▸ **Problem statement**:
What follows is a block of records; restate each one word for word.
* * *
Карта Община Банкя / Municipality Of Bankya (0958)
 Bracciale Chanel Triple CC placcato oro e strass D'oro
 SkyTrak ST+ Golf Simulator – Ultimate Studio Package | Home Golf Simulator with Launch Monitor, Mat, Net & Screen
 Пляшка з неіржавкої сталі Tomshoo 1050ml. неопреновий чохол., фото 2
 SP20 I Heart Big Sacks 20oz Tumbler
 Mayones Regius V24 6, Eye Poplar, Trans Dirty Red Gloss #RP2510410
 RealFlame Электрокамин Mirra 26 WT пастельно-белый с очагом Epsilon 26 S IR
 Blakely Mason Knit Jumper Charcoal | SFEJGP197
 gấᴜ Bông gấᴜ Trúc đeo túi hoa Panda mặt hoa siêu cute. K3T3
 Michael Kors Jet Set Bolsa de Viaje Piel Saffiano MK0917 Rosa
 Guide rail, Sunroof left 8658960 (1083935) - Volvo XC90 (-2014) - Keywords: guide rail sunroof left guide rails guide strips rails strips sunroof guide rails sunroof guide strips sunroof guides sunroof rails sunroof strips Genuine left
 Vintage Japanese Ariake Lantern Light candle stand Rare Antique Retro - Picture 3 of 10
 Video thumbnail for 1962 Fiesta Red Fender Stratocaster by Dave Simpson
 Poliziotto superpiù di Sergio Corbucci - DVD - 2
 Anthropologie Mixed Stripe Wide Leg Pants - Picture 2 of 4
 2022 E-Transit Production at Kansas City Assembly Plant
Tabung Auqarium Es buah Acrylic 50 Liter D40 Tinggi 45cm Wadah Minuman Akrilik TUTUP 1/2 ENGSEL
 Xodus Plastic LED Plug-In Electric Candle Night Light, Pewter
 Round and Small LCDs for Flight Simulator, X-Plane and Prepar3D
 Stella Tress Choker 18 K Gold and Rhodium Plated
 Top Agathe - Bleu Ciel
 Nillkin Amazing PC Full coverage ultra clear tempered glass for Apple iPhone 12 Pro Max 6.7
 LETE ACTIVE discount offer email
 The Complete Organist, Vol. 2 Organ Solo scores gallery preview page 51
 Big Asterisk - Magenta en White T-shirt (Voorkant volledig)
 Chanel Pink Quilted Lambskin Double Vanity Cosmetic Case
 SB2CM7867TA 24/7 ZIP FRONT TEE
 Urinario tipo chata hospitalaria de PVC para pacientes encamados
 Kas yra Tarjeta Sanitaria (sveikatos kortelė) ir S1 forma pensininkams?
* * *
▸ **Task response**:
Карта Община Банкя / Municipality Of Bankya (0958)
 Bracciale Chanel Triple CC placcato oro e strass D'oro
 SkyTrak ST+ Golf Simulator – Ultimate Studio Package | Home Golf Simulator with Launch Monitor, Mat, Net & Screen
 Пляшка з неіржавкої сталі Tomshoo 1050ml. неопреновий чохол., фото 2
 SP20 I Heart Big Sacks 20oz Tumbler
 Mayones Regius V24 6, Eye Poplar, Trans Dirty Red Gloss #RP2510410
 RealFlame Электрокамин Mirra 26 WT пастельно-белый с очагом Epsilon 26 S IR
 Blakely Mason Knit Jumper Charcoal | SFEJGP197
 gấᴜ Bông gấᴜ Trúc đeo túi hoa Panda mặt hoa siêu cute. K3T3
 Michael Kors Jet Set Bolsa de Viaje Piel Saffiano MK0917 Rosa
 Guide rail, Sunroof left 8658960 (1083935) - Volvo XC90 (-2014) - Keywords: guide rail sunroof left guide rails guide strips rails strips sunroof guide rails sunroof guide strips sunroof guides sunroof rails sunroof strips Genuine left
 Vintage Japanese Ariake Lantern Light candle stand Rare Antique Retro - Picture 3 of 10
 Video thumbnail for 1962 Fiesta Red Fender Stratocaster by Dave Simpson
 Poliziotto superpiù di Sergio Corbucci - DVD - 2
 Anthropologie Mixed Stripe Wide Leg Pants - Picture 2 of 4
 2022 E-Transit Production at Kansas City Assembly Plant
Tabung Auqarium Es buah Acrylic 50 Liter D40 Tinggi 45cm Wadah Minuman Akrilik TUTUP 1/2 ENGSEL
 Xodus Plastic LED Plug-In Electric Candle Night Light, Pewter
 Round and Small LCDs for Flight Simulator, X-Plane and Prepar3D
 Stella Tress Choker 18 K Gold and Rhodium Plated
 Top Agathe - Bleu Ciel
 Nillkin Amazing PC Full coverage ultra clear tempered glass for Apple iPhone 12 Pro Max 6.7
 LETE ACTIVE discount offer email
 The Complete Organist, Vol. 2 Organ Solo scores gallery preview page 51
 Big Asterisk - Magenta en White T-shirt (Voorkant volledig)
 Chanel Pink Quilted Lambskin Double Vanity Cosmetic Case
 SB2CM7867TA 24/7 ZIP FRONT TEE
 Urinario tipo chata hospitalaria de PVC para pacientes encamados
 Kas yra Tarjeta Sanitaria (sveikatos kortelė) ir S1 forma pensininkams?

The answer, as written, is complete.